The second part of the story picks up from there.  It's all told from Dave/Dan/Brad's point of view.  (I really need to get a name for this guy.)  It will also cover two parallel time lines, his build up to walking out a year ago and his present struggle to get Ethan to take him back, with a little dash of how much he missed him after walking out.

So for the immediate future, I'm not too bad.  Ethan's story is first, and while I can't see him very well, I can feel him.  My biggest concern is that without knowing for sure what's going on with the Other Guy (I just can't type that list of names again-- it's getting depressing), I can't layer it in at all.  But then, Ethan is also clueless about what happened, so maybe it's not too bad.  More a question of whether or not I want to clue the reader in before Ethan figures everything out.  (That balance between letting the reader feel smart for figuring it out without making the character look dumb for not figuring it out.)

So.  Thoughts?  Why do people just get up and walk out one day, and what changes inside to let them come back?

Thursday, September 15, 2011

Where No Blog Has Gone Before

There are many subjects I've addressed on this blog that have had certain readers reaching for the brain bleach.  My hemorrhoids.  Farkle the Friendly Carbuncle.  Probably some other stuff that's not coming to mind at the moment.  But there's one thing I haven't addressed: sex.

That's hard for me.  Although you may doubt this considering some of the other things I've chosen to share, I really am a very private person.  I have a hard time putting myself out there, expressing my desires, and I think it's the biggest reason why at 36 I still have limited relationship experience.  I hide it all behind a wall, and I've been told that reserve can be pretty intimidating.  That boggles my mind, because I often feel too intimidated to reach out.  (Actually, that bit crosses over into platonic relationships.  It's scary for me sometimes even to hold a hand out in friendship.  Once I push through that self-imposed barrier I usually do OK.  But making first contact is *hard*.  And it's almost as hard to reach out a second time if for some reason communication peters off.)

I'm not quite sure how I ended up on that tangent.  That's not where I was heading with this.  I guess maybe I just wanted to say that this is an area that I'm not the most comfortable getting personal about.

My current situation-- disabled, mid-thirties, living with puritanical parents-- doesn't make having a sex life easy, even the kind that doesn't require a partner.  It's a pretty neglected area of my life.

The last few days have been unusual to say the least.  In the normal run of things I leave the house about once a month.  In the last three days I've been to Michaels, Hobby Lobby (twice), Meijer, the vet, my brother's house (briefly), Buca di Beppo to pick up dinner, and then Mom's birthday dinner at home last night.  By the time my brother and sister-in-law left around 10 I was completely exhausted and in major pain.
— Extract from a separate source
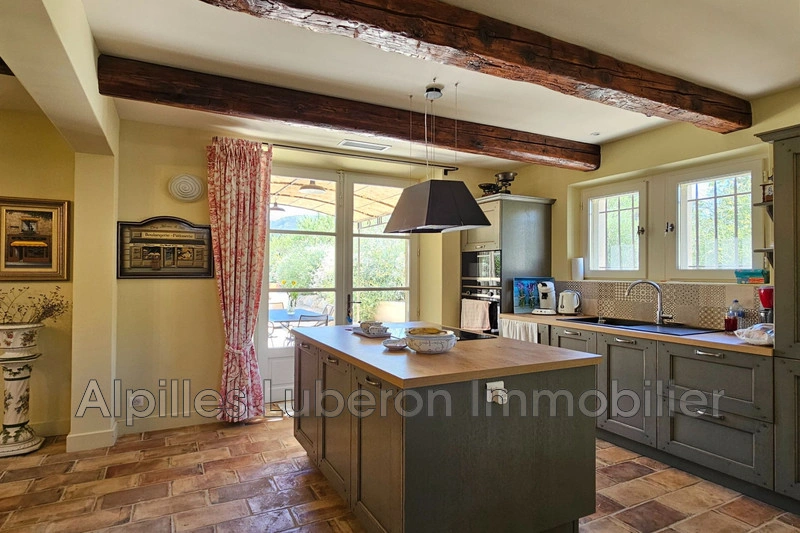 2 - vente maison eygalières bouches-du-rhône france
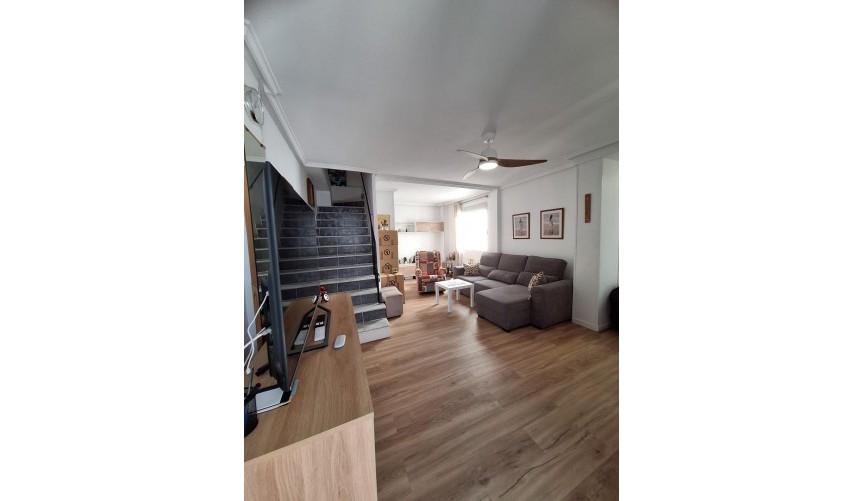 Reventa - Duplex -
Torrevieja - Habaneras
And then I got online.  I got a wild hair and wandered over to a personals site that I poke around at every once in a while.  I had a couple of lovely, raunchy conversations, and by the time I logged off I was a new woman.  I was relaxed.  I felt good, with far less pain than I'd had in days.  My feel good still isn't normal.  If I think about it I realize that I have a low-level, nagging headache, and my body still hurts.  But the change is amazing.

I'm not sure what I'm trying to say here.  Maybe I just needed to tell someone how wonderful this was.  Maybe I need to start cracking open this part of my life.  It's not something that I plan to go into intimate detail about.  But just acknowledging that I have sexual desires instead of keeping it all locked down tight feels like a good first step.  It helps that I still feel, for me, fucking fantastic.

Monday, September 12, 2011

Oh, Lawsy

It's been an oh, lawsy kind of day.

I've got a friend who is scheduled to pop sometime in October.  She's been on bedrest for a while now, and she had to see the doctor today for possible preeclampsia.  (For anyone unfamiliar with pregnancy stuff, that's not good.)  I was very happy to hear just a little bit ago that the baby is a-ok.  They are talking about inducing her on the 27th, but the doc thinks the baby may come sooner.

Oh, lawsy.  I'm going to have to get it in gear if I'm going to get my gift to the baby before she arrives.  We call her mama Diva, and it surprises me not at all that her Sweet Pea is looking to make a grand entrance.

I got an email from my sister-in-law late this evening.  She's invited me to join a Bible study that starts tomorrow.  Oh, lawsy.  I want to be social.  I appreciate the invitation and that she wants to include me.  But a once a week Bible study is pretty much the exact last thing I want to do.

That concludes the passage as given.